What's the most important item in your home? In our series Material Object, we explore that very question, asking some of our favorite people which of their possessions connect them to their past, to their family, and to themselves.
Anna Polonsky is the founder and creative director of Polonsky & Friends, a design studio, and the co-founder of The Deligram, a platform spotlighting New York’s most interesting food makers. Below, Anna shares the story behind her silver serving platter.
The first time my mother was married, in Paris about fifty years ago, the tradition was that the bride provided a dot, or a dowry, upon the wedding. My mom had a pretty rough childhood, growing up in an austere Catholic family. When she was just twenty, she married the first guy she could, a sweet Swiss man, to get out of her house.
The marriage didn’t last but from their brief union, I inherited both Swiss citizenship and a set of argenterie, or silverware, that was part of the dot. Through her life, a second marriage and a third, her most rebellious yet, to my father Claude, a Jew with a rocky past, she carried this argenterie with her. Often argenterie is passed on after someone dies but my mother had just grown tired of the constant polishing silverware demands and I, who had just moved to my house in Bed-Stuy and started a family of my own, was happy to have it.
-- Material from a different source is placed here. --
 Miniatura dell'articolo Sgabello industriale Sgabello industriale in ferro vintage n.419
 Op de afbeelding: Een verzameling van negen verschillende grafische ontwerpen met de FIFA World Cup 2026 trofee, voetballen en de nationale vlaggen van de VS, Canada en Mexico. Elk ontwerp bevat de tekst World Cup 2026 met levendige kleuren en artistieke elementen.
"A platter like this can’t help but create a community around it. You put a mass of food on it and everyone comes together to share the feast."
Among the fish forks, salad forks, fork forks, dessert forks, butter knives, knives, spoons, soup spoons and the rest, my most prized piece of the set is a large heavy oval silver platter with engravings around the edge. This has become the centerpiece when we -- my husband Fefo and I and now our son -- entertain. A platter like this can’t help but create a community around it. You put a mass of food on it and everyone comes together to share the feast. It forces you to eat family-style. What I love about this platter in particular is that every meal I serve on it becomes a story and the platter itself a character. Not just because it carries with it the story of my own family, of my mother’s life before she met my father, of their life together, but because, almost magically, the platter becomes part of the story of whatever it bears. When we have a Passover seder, I’ll make a lamb shank and serve it on the platter. It’s as if I’m channeling my Polish family. On Christmas, we’ll make my father Claude’s morel cream chicken and it feels right. Sometimes it’s fresh tagliatelle. Fefo, who is a chef, loves to make pavlova and serve it on the platter. But it works just as well with panna cotta or sablés and chocolates. Anything we set atop it feels authentic.
"Unlike china or porcelain, silver requires constant attention. It fades and grows dull if you don’t polish it. I find a lot of comfort in caring for this platter for it is a reminder to be mindful and to treasure what is precious."
Fefo and I entertain often. Almost every week we have friends over for dinner. Sometimes those gatherings are large and sometimes they’re intimate. Even on nights when it’s just the three of us, I’ll use the platter. It elevates even the most simple meal into a dinner ritual. Unlike china or porcelain, silver requires constant attention. It fades and grows dull if you don’t polish it. I find a lot of comfort in caring for this platter for it is a reminder to be mindful and to treasure what is precious. And in return, the platter gives back to me, not just my own reflection but a reflection of my family and friends surrounding it, characters in the story I write with my life.